The IEEE Emerald Book recommends applying surge protection in a cascaded or two stage approach - at the service entrance and then downstream at the panel boards and critical loads. This comprehensive installation creates an effective shield from high-energy transients.
Both the IEEE Emerald Book and NFPA 780 recommend the use of surge protection as a part of a building's lightning protection system. Because the service entrance suppressor can only reduce and not completely eliminate the high-energy transient, a second surge protection device must be applied ahead of your critical equipment.
These mitigation devices should be utilized to address both noise and transient issues for the highest level of suppression.

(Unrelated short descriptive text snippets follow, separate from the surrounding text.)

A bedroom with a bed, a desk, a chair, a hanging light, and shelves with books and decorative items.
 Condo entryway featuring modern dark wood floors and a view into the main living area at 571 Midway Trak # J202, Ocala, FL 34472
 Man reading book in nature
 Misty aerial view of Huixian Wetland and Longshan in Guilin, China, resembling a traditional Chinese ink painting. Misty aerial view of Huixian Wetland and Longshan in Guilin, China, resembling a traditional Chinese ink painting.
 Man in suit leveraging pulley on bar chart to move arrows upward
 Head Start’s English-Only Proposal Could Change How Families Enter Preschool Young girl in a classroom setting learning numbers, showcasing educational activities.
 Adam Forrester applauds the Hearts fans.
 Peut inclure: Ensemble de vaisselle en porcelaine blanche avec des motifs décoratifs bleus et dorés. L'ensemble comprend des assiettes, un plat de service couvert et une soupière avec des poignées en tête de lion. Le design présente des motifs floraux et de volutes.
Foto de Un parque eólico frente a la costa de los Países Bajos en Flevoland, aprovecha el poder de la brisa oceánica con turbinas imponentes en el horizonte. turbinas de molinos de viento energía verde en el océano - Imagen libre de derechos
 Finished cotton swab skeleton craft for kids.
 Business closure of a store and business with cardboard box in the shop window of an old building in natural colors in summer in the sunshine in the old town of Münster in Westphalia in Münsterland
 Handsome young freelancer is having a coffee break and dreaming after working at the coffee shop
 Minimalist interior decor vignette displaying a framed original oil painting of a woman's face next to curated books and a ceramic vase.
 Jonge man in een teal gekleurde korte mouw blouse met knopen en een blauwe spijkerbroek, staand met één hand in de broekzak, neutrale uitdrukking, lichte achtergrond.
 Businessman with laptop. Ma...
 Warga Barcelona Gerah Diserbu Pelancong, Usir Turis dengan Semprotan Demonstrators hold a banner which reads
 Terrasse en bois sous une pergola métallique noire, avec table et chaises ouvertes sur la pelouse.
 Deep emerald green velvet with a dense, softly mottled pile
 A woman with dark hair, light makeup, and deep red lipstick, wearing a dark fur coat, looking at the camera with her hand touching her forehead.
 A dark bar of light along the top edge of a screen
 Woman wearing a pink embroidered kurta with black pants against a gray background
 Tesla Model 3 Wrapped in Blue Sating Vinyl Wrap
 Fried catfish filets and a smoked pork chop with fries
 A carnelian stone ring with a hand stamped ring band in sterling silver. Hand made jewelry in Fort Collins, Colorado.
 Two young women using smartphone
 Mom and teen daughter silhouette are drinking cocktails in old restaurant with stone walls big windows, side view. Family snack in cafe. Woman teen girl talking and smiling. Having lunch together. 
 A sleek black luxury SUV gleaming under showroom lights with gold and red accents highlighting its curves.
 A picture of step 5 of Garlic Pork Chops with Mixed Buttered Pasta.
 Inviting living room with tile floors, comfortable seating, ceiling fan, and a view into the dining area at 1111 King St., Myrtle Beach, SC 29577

The completion of this facility-wide installation provides both performance and cost advantages. By placing a surge protection device (SPD) at the service entrance and branch panelboards that feed external equipment like HVAC units, the building has an effective shield from high energy transients trying to make their way in from the outside. A second layer of SPDs located at key branch locations provides effective protection against internally generated disturbances, which are prevented from feeding back within the electrical system. The bi-directional nature of parallel SPDs allows one unit mounted at the panelboard to protect all circuits within the panelboard - a very cost-effective application.
Finally, point-of-use series suppressors are placed at critical loads like the fire alarm system, security systems, and computer rooms.